■ **Exercise brief**: When the line with "Omega, an 18" appears below, start repeating lines exactly, and keep going through the line with "Alo Seemless Delight"; add nothing outside that span.

■ **Records shown**:
=== Section Start ===

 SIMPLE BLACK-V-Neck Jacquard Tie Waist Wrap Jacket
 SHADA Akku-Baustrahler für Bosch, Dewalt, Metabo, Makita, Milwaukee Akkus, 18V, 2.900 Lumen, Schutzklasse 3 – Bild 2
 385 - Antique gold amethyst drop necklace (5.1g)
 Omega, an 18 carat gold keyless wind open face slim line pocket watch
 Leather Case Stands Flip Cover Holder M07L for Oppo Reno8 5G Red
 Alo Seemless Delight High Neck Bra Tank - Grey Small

=== Section End ===
=== Section Start ===

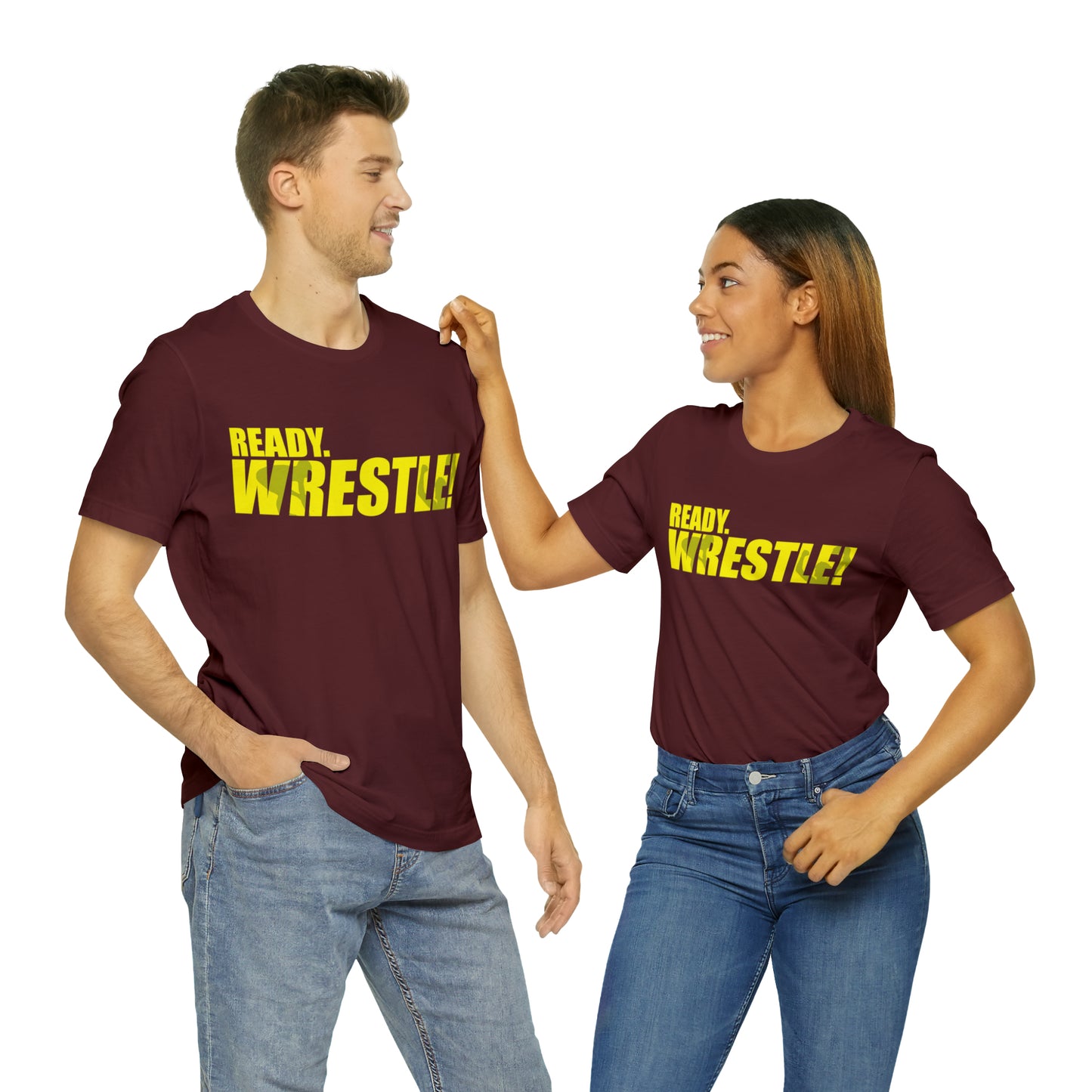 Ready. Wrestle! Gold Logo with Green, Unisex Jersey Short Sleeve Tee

=== Section End ===
=== Section Start ===

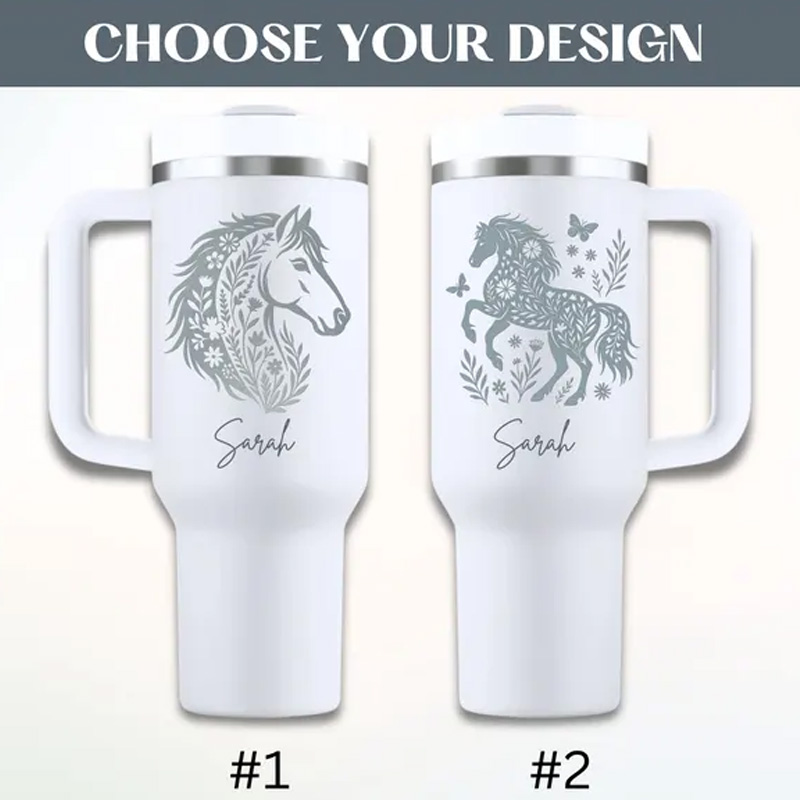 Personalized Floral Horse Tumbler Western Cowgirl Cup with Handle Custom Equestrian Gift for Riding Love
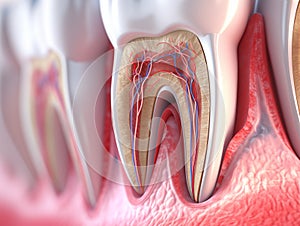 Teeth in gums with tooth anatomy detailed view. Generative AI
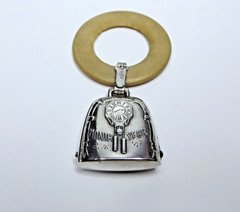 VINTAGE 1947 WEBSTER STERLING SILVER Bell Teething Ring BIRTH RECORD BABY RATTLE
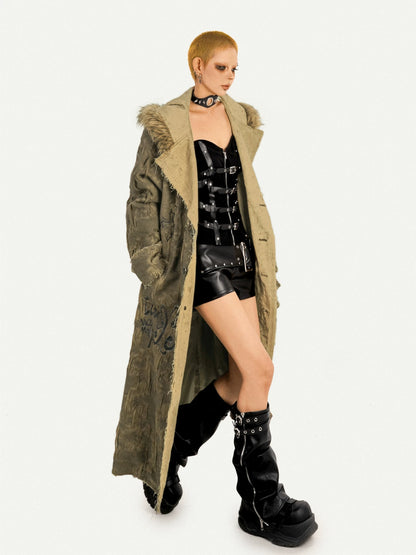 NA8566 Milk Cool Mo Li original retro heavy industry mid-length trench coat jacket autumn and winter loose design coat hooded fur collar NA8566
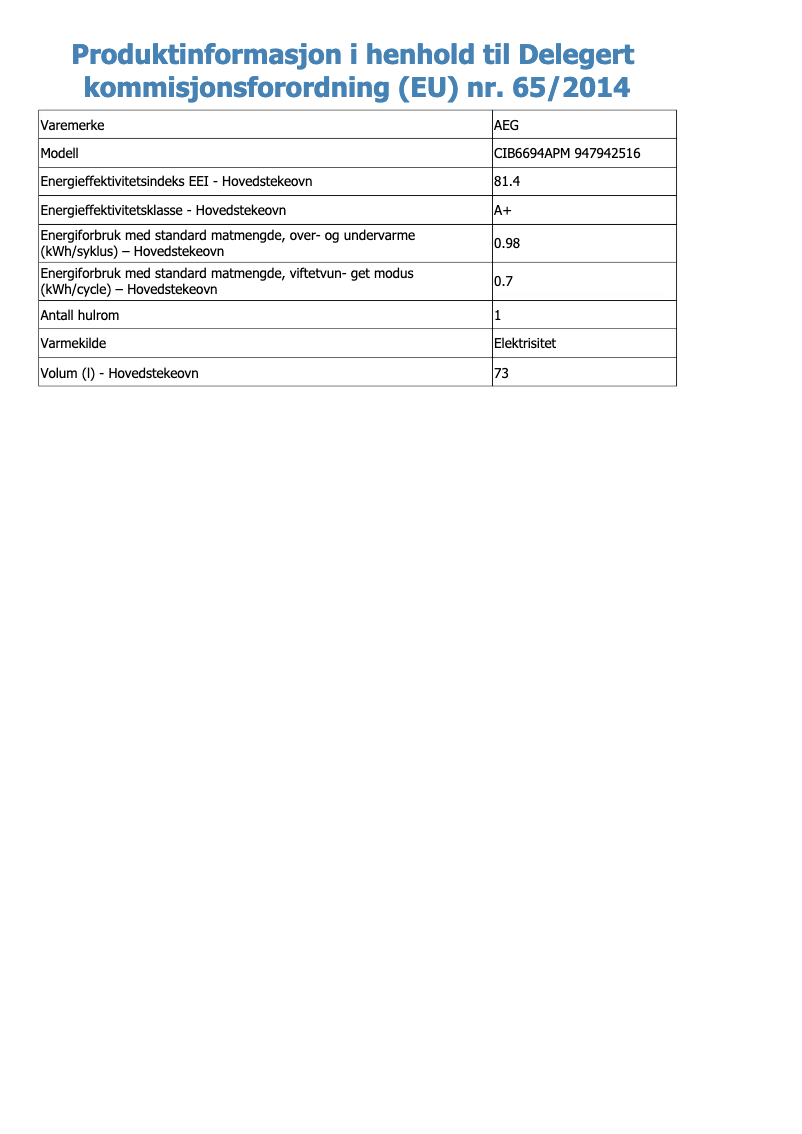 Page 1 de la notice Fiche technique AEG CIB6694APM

=== Section End ===

■ **Task response**:
 Omega, an 18 carat gold keyless wind open face slim line pocket watch
 Leather Case Stands Flip Cover Holder M07L for Oppo Reno8 5G Red
 Alo Seemless Delight High Neck Bra Tank - Grey Small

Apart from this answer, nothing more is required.